In the example below, three device vectors of the same size are allocated. Vector A is copied from the host vector a, and the other vectors are created uninitialized:

const size_t n = 1024 * 1024;
vex::Context ctx( vex::Filter::Any );

std::vector<double> a(n, 1.0);

vex::vector<double> A(ctx, a);
vex::vector<double> B(ctx, n);
vex::vector<double> C(ctx, n);

Assuming that the current system has an NVIDIA GPU, an AMD GPU, and an Intel CPU installed, possible partitioning may look like this:

template<typename T> class vex::vector : public vex::vector_expression<Expr>¶

Device vector.

Public Functions

inline vector()¶: Empty constructor.

inline vector(const vector &v)¶: Copy constructor.

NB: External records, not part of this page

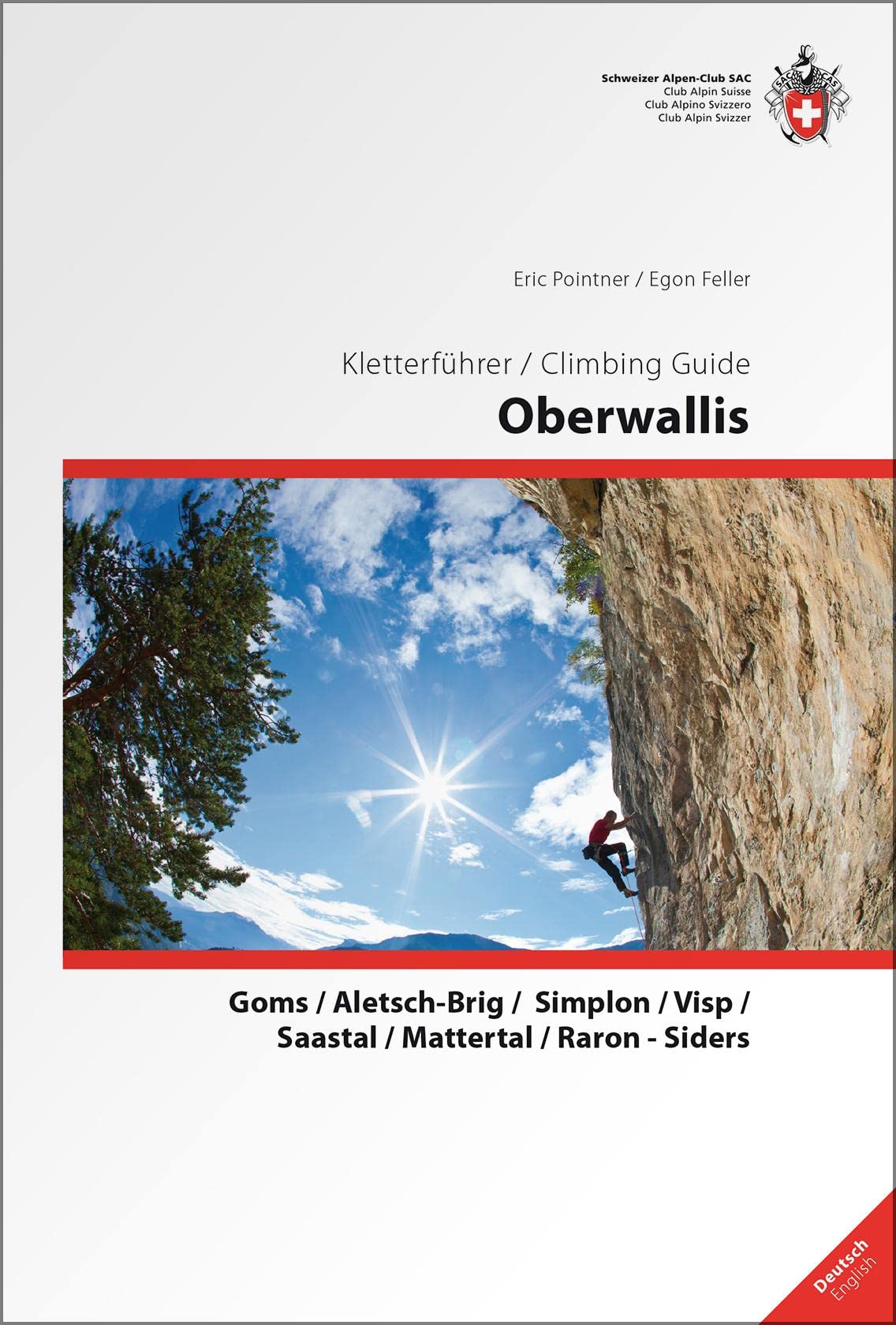 Oberwallis: Goms/ Aletsch-Brig/ Simplon/ Visp/ Saastal/ Mattertal/ Raron-Siders (Kletterführer) Leisure, Home & Garden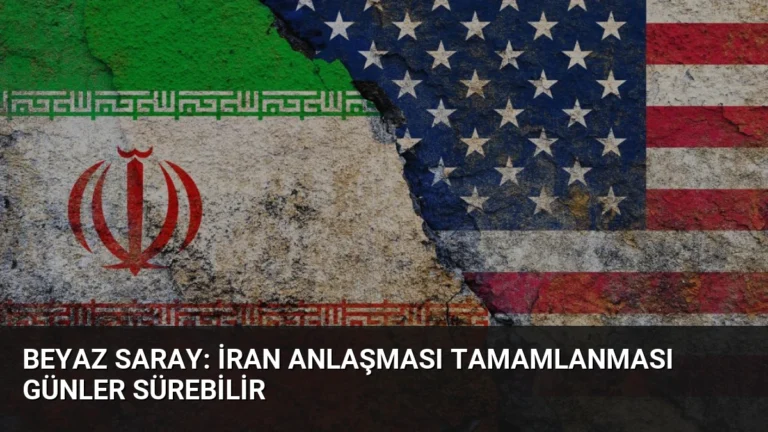 Beyaz Saray: İran Anlaşması Tamamlanması Günler Sürebilir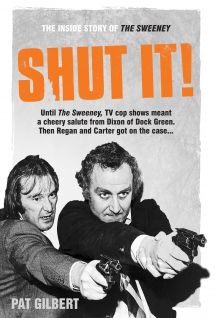 Shut It!: The Inside Story of The Sweeney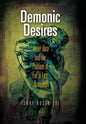 Demonic Desires: Yetzer Hara and the Problem of Evil in Late Antiquity - Hardcover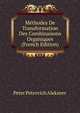 Methodes De Transformation Des Combinaisons Organiques (French Edition), Peter Petrovich Alekseev 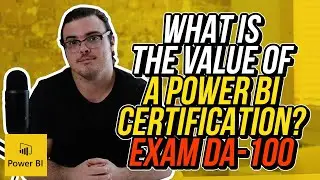 What is the Value of a Power BI Certification? My thoughts on the new Exam DA-100.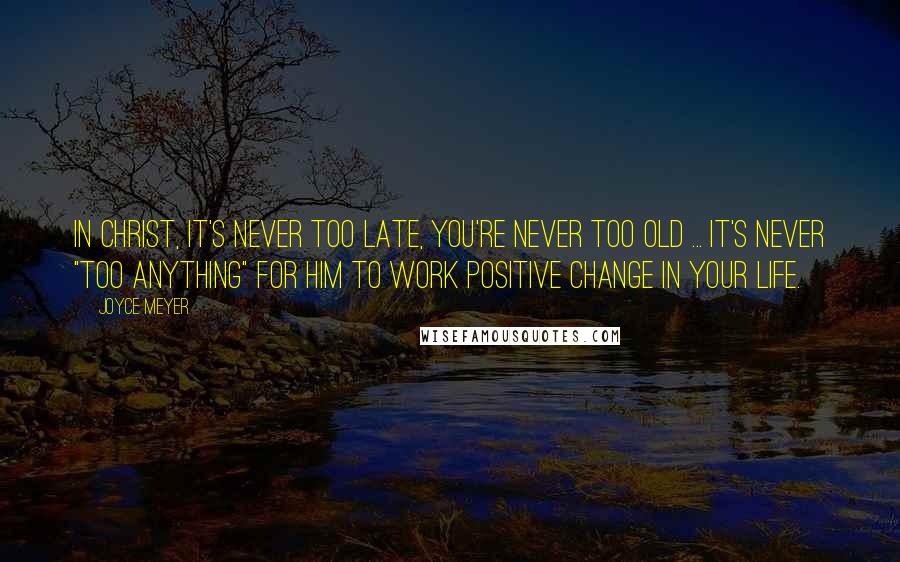 Joyce Meyer Quotes: In Christ, it's never too late, you're never too old ... it's never "too anything" for Him to work positive change in your life.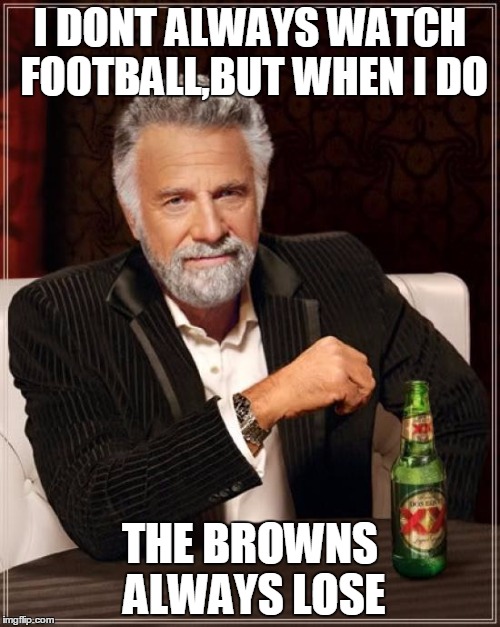 The Most Interesting Man In The World | I DONT ALWAYS WATCH FOOTBALL,BUT WHEN I DO; THE BROWNS ALWAYS LOSE | image tagged in memes,the most interesting man in the world | made w/ Imgflip meme maker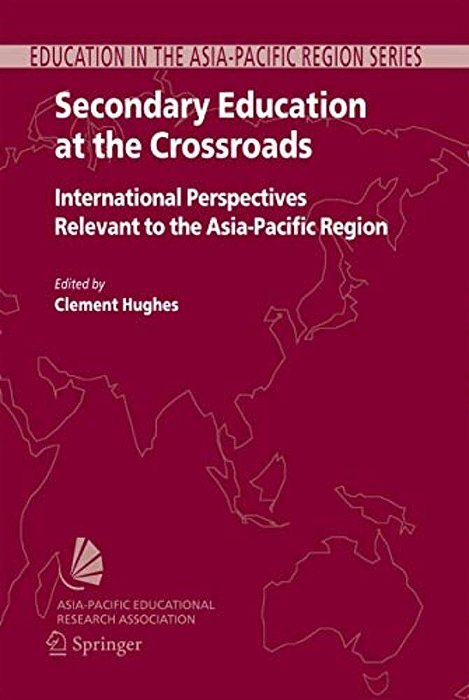 Secondary Education At The Crossroads: International Perspectives Relevant To The Asia-Pacific Region-..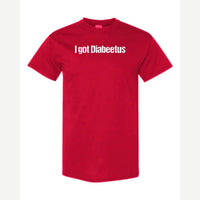 I Got Diabeetus — Classic Tee / Red
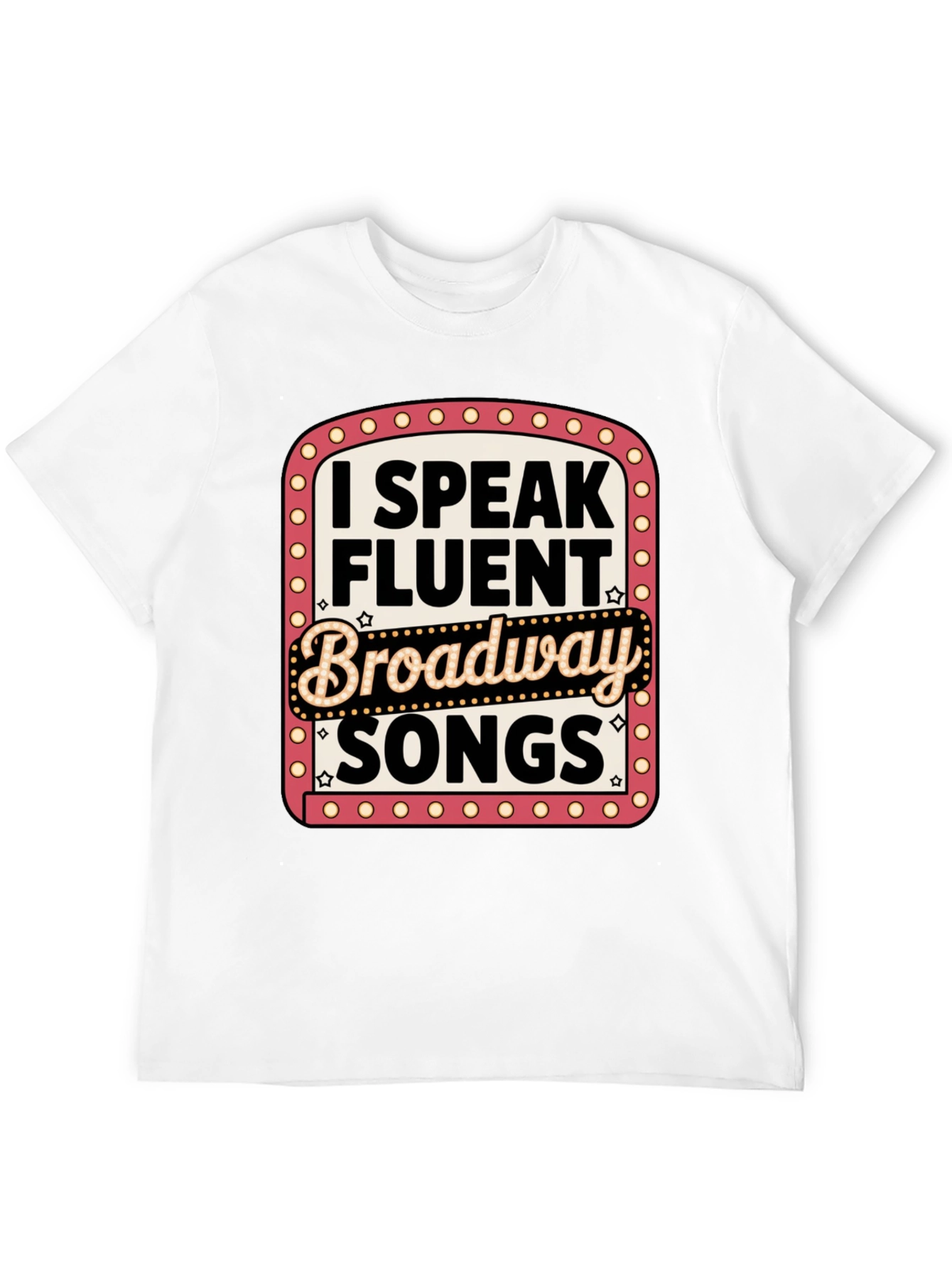 I Speak Fluent Broadway Songs T-Shirt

inline vector(vector &&v) noexcept¶: Move constructor.

inline vector(const backend::command_queue &q, const backend::device_vector<T> &buffer, size_t size = 0)¶

Wraps a native buffer without owning it.

May be used to apply VexCL functions to buffers allocated and managed outside of VexCL.

inline vector(const std::vector<backend::command_queue> &queue, size_t size, const T *host = 0, backend::mem_flags flags = backend::MEM_READ_WRITE)¶: Creates vector of the given size and optionally copies host data.

inline vector(size_t size, const T *host = 0, backend::mem_flags flags = backend::MEM_READ_WRITE)¶

Creates vector of the given size and optionally copies host data.

This version uses the most recently created VexCL context.

inline vector(const std::vector<backend::command_queue> &queue, const std::vector<T> &host, backend::mem_flags flags = backend::MEM_READ_WRITE)¶: Creates new device vector and copies the host vector.

inline vector(const std::vector<T> &host, backend::mem_flags flags = backend::MEM_READ_WRITE)¶

Creates new device vector and copies the host vector.

This version uses the most recently created VexCL context.

template<class Expr> inline vector(const Expr &expr)¶

Constructs new vector from vector expression.

This will fail if VexCL is unable to automatically determine the expression size and the compute devices to use.

inline void swap(vector &v)¶: Swap function.

inline void resize(const vector &v, backend::mem_flags flags = backend::MEM_READ_WRITE)¶

Resizes the vector.

Borrows devices, size, and data from the given vector. Any data contained in the resized vector will be lost as a result.

inline void resize(const std::vector<backend::command_queue> &queue, size_t size, const T *host = 0, backend::mem_flags flags = backend::MEM_READ_WRITE)¶

Resizes the vector with the given parameters.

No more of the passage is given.